My gift is communication. Everyone has complimented me on my writing skills but somehow my verbal communication sucks. I speak honestly and openly. My gift is speaking plain, crisp and clean.
The problem is I’ve been told it’s “offensive,” “gruff,” “harsh,” and, most recently, “brash.” I have no idea why and no reasonable solution. I’ve since figured out my gift is not political correctness.
My gift has power to heal, something my enemies don’t want developed. If I’m not careful, I’ll hurt my kids as I attempt to train them up in the way they should go.
Blind, deaf and dumb
Often when I’m perplexed about a problem my prayers go something like this:
“Lord, I’m bind, deaf and dumb. I don’t know what I’m doing and need your help. What is the solution? Make it big and obvious for me to see. Say it in a very loud voice. I don’t know what to say or pray, so give me the words.”
I consistently get a solution.
Of course I screwed it up … again
Over the last six months I’ve been struggling–in my head–with a particular person at church. They said something that triggered something absolutely ugly. I expected it to come up but I didn’t think it would be so ferocious.
For months I’d see her coming, and my mood and attitude changed. Suddenly, she was a nasty obsession. When I saw her I’d seethe with anger. My self talk was vicious.

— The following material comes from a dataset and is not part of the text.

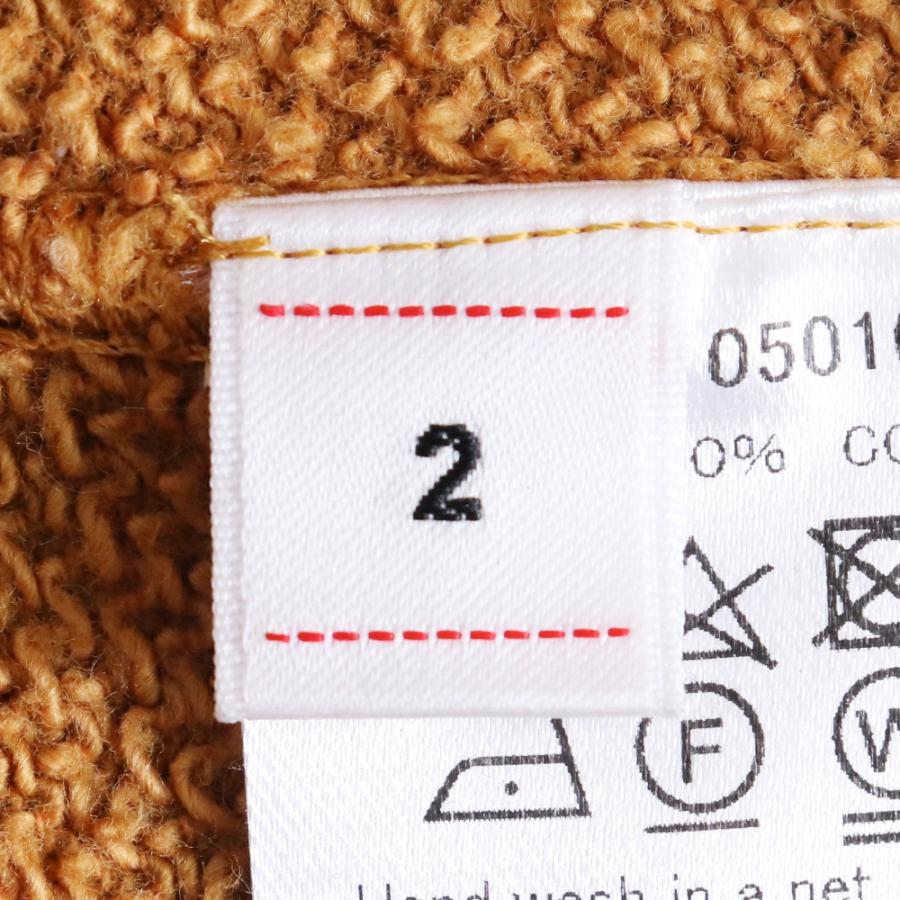 VISVIM JUMBO HOODIE P.O. UNEVEN DYE サイズ2 オレンジ 0121105010014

I couldn’t understand why I suddenly hated her. During a HeartSync session she blessed me with the mother’s blessing. I was so touched by her that my heart softened toward her. However, the enemy took an opportunity to drive a wedge between us that didn’t exist.
Finally, I’d had enough. I spoke with someone who spoke truth piercing deep into my heart. I was ruined. I realized I allowed the enemy to infiltrate. Days later, I called and apologized.
I confessed what I’d been feeling and thinking. I completely owned everything, and was deeply contrite and apologetic. It was becoming clear she and I would be sharing a destiny together so our mutual enemy was sowing seeds of enmity. I felt that by addressing it head on I would put an end to it. I didn’t want this to interfere with our relationship.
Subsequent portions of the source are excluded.